The Mugello is a historic region and valley in northern Tuscany, in Italy, corresponding to the course of the River Sieve. It is located to the north of the city of Florence and includes the northernmost portion of the Metropolitan City of Florence. The Futa Pass connects the Mugello valley to the separate Santerno river valley.

History

The Mugello valley was settled by a Ligurian tribe known as the Magelli, hence the name. Then the region was occupied by the Etruscans who left many archaeological traces and who built the first road network of the Mugello.

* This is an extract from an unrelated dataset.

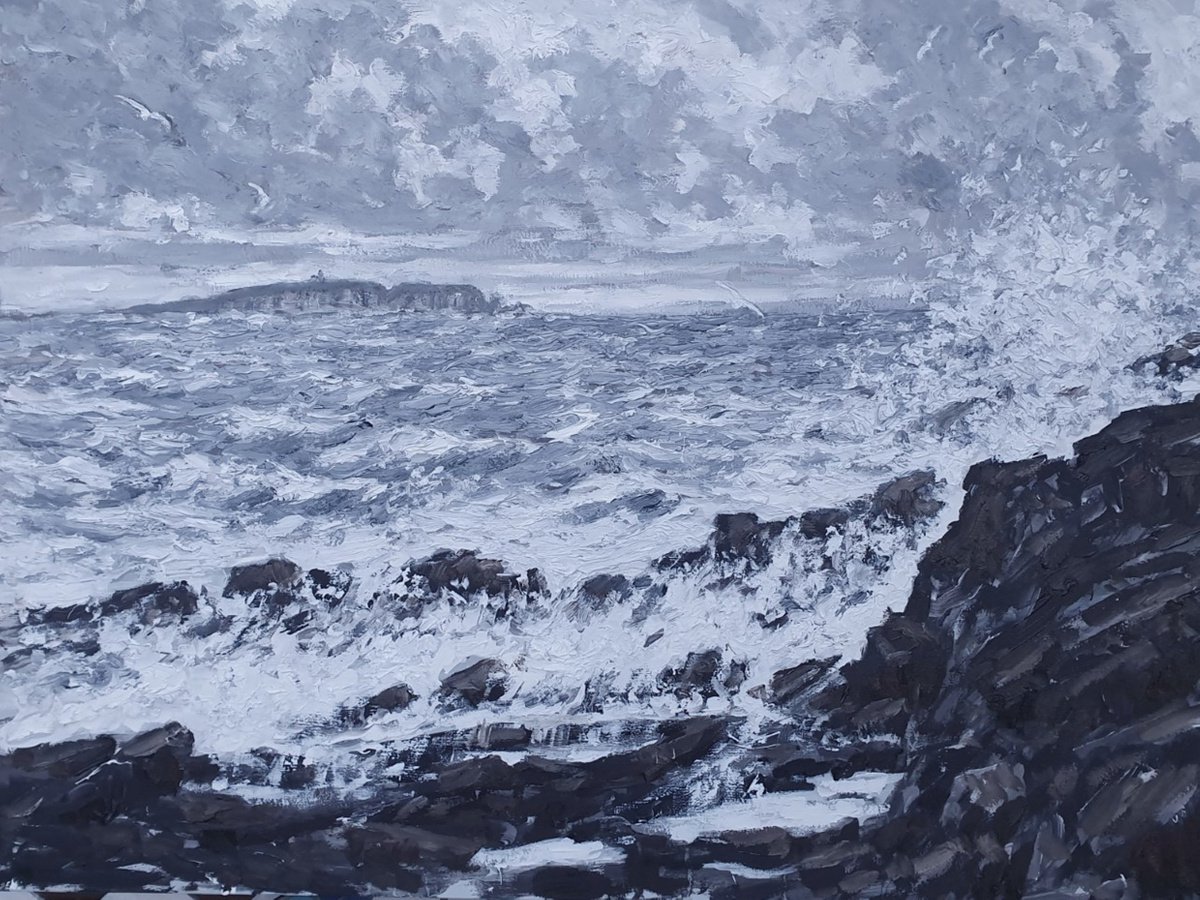 seascape LXXVII by colin ross jack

The subsequent Ancient Roman conquest and colonization of the Mugello region dates back to the 4th century BCE. It is not only testified  by several finds such as tombs, coins, and walls, but also, through toponymy, e.g. names of places ending with the praedial suffix -ano (Latin -anus) or -ana: Cerliano, Figliano, Marcoiano, Galliano, Lucignano, etc.

In the Middle Ages the Mugello was home to numerous castles. The Mugello region was later acquired by the Republic of Florence. Several patrician families of the area built villas here, such as those of the Medici including Villa Medicea di Cafaggiolo and Villa Medicea del Trebbio.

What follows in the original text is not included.